| What is expected |
All lines below between the line with "България чества 113" and the line with "pomnik-linneusza-w-skansenie", including both, must be copied exactly, and the pictures must be omitted.

| Supplied data |
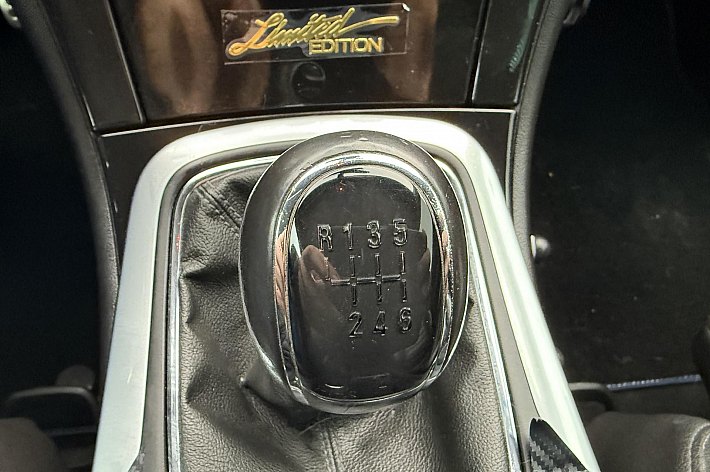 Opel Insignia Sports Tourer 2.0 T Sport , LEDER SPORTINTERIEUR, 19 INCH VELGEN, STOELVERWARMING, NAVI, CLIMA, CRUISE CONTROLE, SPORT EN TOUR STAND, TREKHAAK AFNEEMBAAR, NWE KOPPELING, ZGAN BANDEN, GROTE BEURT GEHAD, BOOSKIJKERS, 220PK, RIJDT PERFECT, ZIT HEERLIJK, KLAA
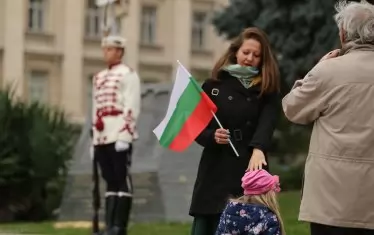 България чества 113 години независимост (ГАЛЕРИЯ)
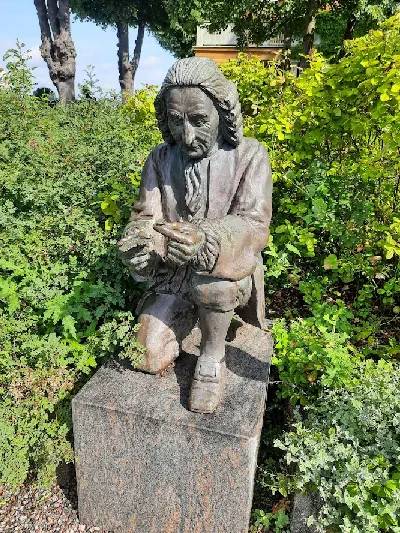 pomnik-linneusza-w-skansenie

==

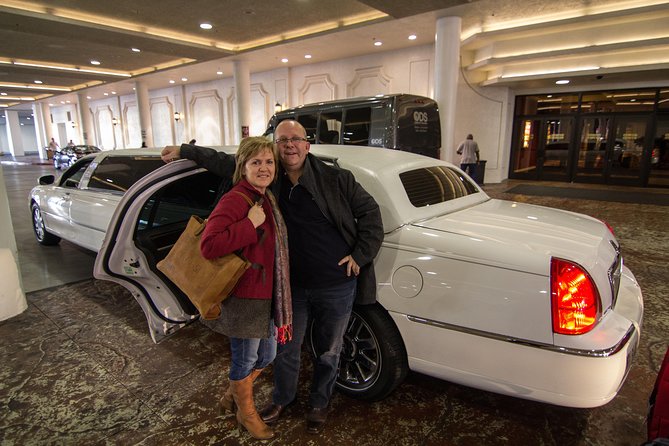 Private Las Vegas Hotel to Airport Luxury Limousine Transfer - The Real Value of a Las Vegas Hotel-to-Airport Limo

* * *

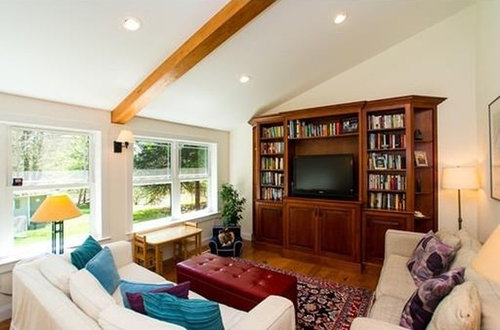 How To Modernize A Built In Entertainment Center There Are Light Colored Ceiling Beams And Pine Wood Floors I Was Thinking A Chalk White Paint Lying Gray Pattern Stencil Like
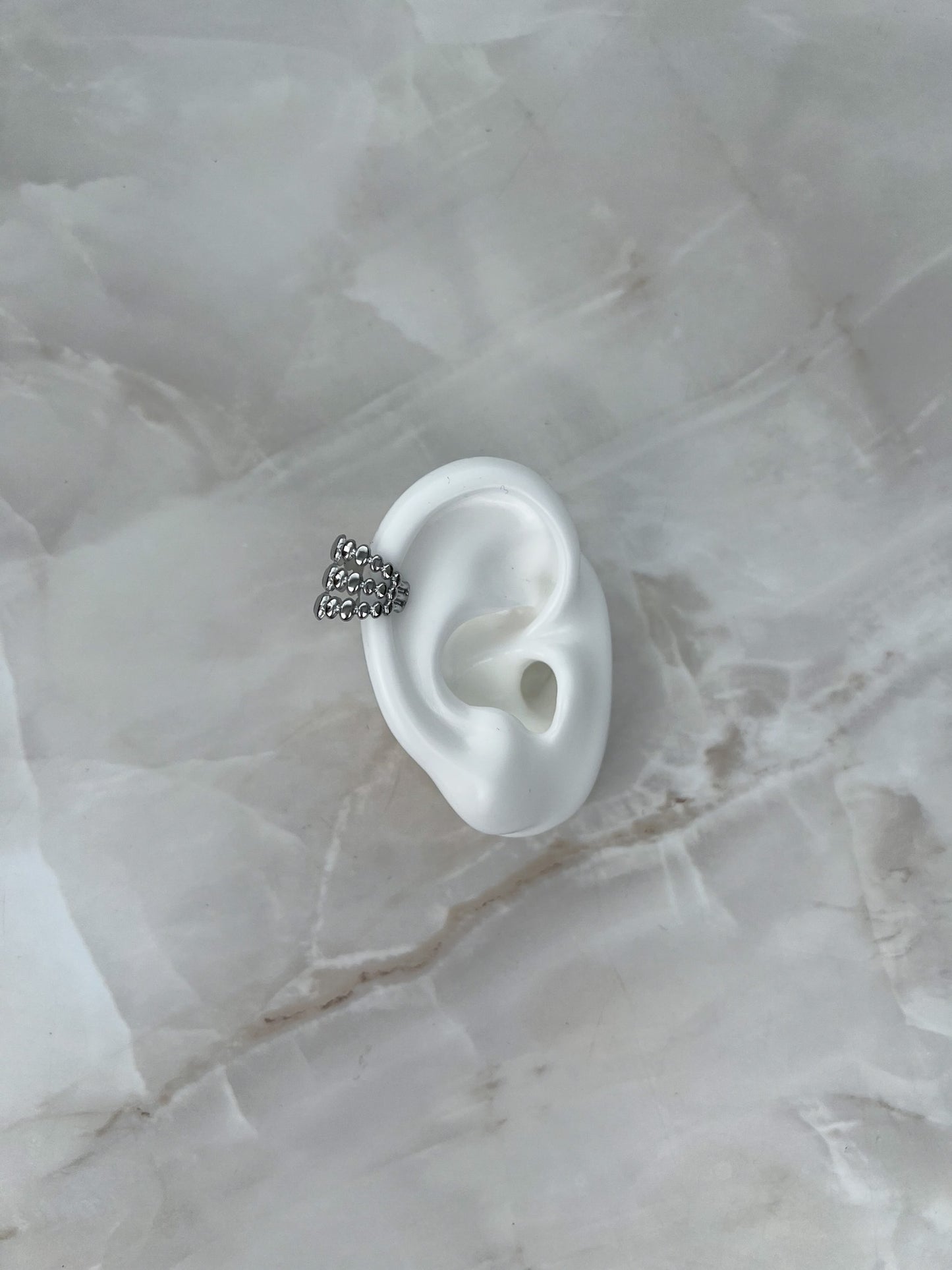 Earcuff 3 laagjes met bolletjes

| Exercise solution |
 България чества 113 години независимост (ГАЛЕРИЯ)
 pomnik-linneusza-w-skansenie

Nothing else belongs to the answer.